Source: CBRE Global Hotel Investor Intentions Survey 2024.
Hotel investors remain focused on gateway cities and resort markets in Asia-Pacific. In gateway cities, investors will target assets with operational flexibility to quickly adjust rates and capitalize on the upswing in tourism, especially in Korea, Japan, Thailand and Australia. Opportunistic investors are also interested in potential co-living conversions of hotels, particularly in Hong Kong SAR, Korea and Japan.
Investors targeting resorts will continue to focus on markets with prolonged periods of strong performance post-recovery and strong mainland Chinese tourist penetration, such as Thailand, Bali and Maldives.
Source: CBRE Global Hotel Investor Intentions Survey 2024.
Amid ongoing capital markets volatility, upper-upscale has emerged as the most appealing segment for Asia-Pacific hotel investors. This has been driven by growth in global wealth and a willingness by travelers to spend more on accommodation following the prolonged closure of borders.
As consumer demand has risen, so too has profitability, which has been highly attractive to investors. This trend should continue over the next 12 months as investors target upper-upscale/luxury assets with good cash flow.
Source: CBRE Global Hotel Investor Intentions Survey 2024.
While more international hotel brands are entering the Asia-Pacific market, investors indicate a preference for vacant-possession hotels. Although yields for such assets are typically lower, investors indicated they are most attractive due to flexibility of operator selection and potential refurbishment.
Investors cited stable income performance and low exit risks as the primary reasons for acquiring hotels with global brand management agreements. As institutional investors consider increasing their footprint within the hotel sector, the typically long term of global hotel brand agreements is very attractive.
Source: CBRE Global Hotel Investor Intentions Survey 2024.
Among service categories, full-service remains the top choice for Asia-Pacific investors this year, followed by hotel-branded residential development. Investors in markets with strong residential demand like Japan, Australia and Korea will attract hotel-branded residences alongside the growing co-living industry.
Source: CBRE Global Hotel Investor Intentions Survey 2024.
Surveyed investors expect that hotels will have the least repricing pressure of any commercial real estate sector in Asia-Pacific this year.

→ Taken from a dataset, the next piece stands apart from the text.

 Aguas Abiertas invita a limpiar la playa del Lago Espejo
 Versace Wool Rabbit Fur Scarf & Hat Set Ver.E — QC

A rise in international arrivals from key markets hiked Asia-Pacific hotel room rates in 2023, ensuring continued optimism by hotel operators this year, particularly in Japan, Singapore and Korea.
Demand-based pricing has allowed operators to use average daily rates to offset inflationary pressure across the region. Changing rates allows hotel owners to swiftly counteract rising operating costs and mitigate the impact of inflation compared with other sectors, resulting in limited repricing pressure.
Asia-Pacific hotel assets are expected to reprice more modestly than in other regions as more international arrivals and hotel revenue growth offset some of the anticipated headwinds over the next six to 12 months.